§ **ACTIVITY**: Go through the entries below and print, exactly, the lines starting at the one with "TikTok东南亚跨境从0-1认知实操课,教你快速开始出海生意-优优云网创" and ending at the one with "Lime Green Organza Saree", keeping both ends and no others.

§ **DATASET EXCERPTS**:
* * * * *

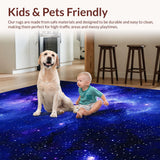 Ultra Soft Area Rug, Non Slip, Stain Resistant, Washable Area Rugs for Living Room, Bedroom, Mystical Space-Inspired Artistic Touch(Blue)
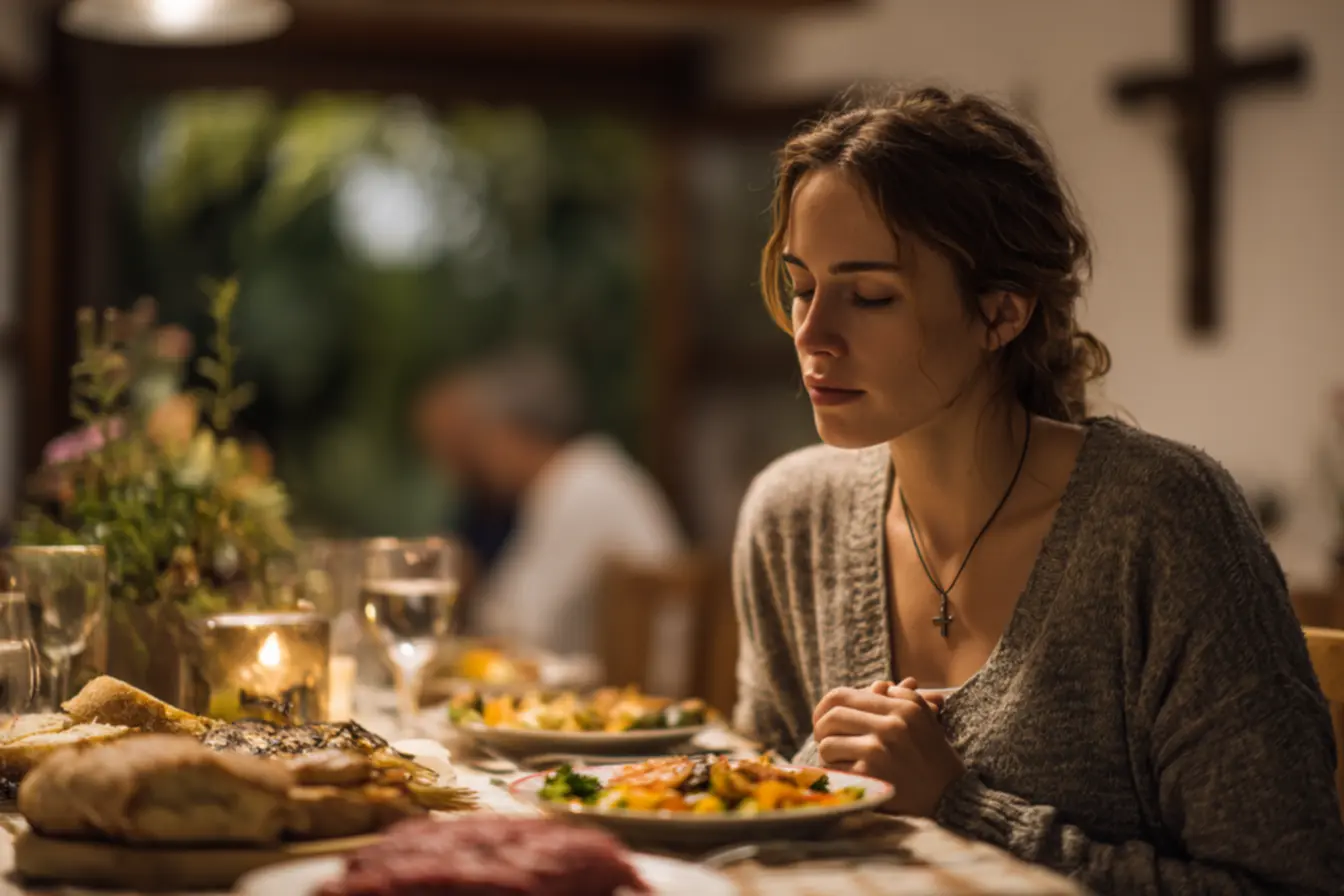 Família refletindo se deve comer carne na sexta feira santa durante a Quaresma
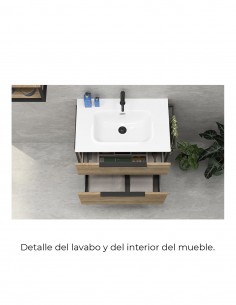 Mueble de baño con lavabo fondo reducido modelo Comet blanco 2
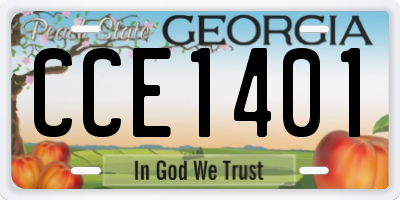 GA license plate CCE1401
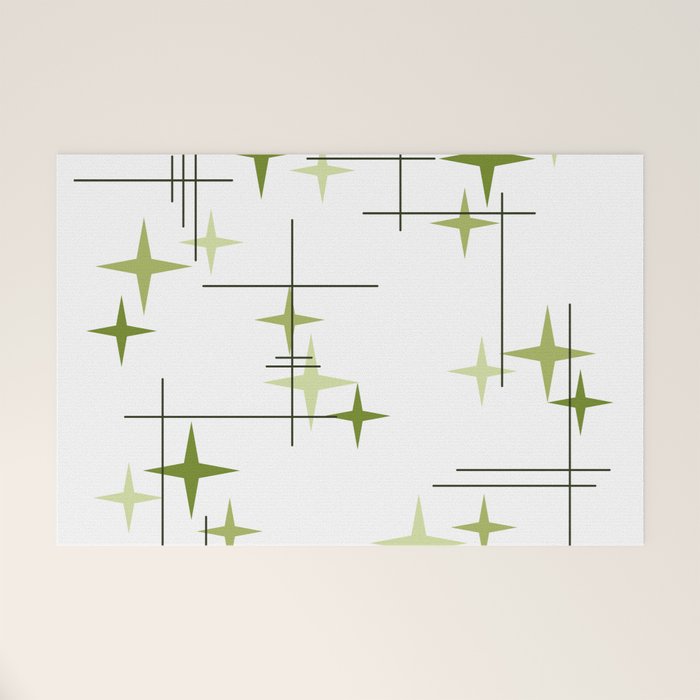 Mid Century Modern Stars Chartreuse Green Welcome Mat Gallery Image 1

* * * * *

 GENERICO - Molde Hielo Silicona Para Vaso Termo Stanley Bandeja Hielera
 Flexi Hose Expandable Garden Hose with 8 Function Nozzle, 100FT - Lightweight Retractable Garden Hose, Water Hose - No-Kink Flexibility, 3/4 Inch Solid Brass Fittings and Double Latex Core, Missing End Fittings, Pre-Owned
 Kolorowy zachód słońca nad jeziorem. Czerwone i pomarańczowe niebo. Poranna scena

* * * * *

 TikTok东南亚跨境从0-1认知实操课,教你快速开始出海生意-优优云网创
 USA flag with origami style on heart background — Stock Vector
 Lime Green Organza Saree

* * * * *

§ **RESPONSE**:
 TikTok东南亚跨境从0-1认知实操课,教你快速开始出海生意-优优云网创
 USA flag with origami style on heart background — Stock Vector
 Lime Green Organza Saree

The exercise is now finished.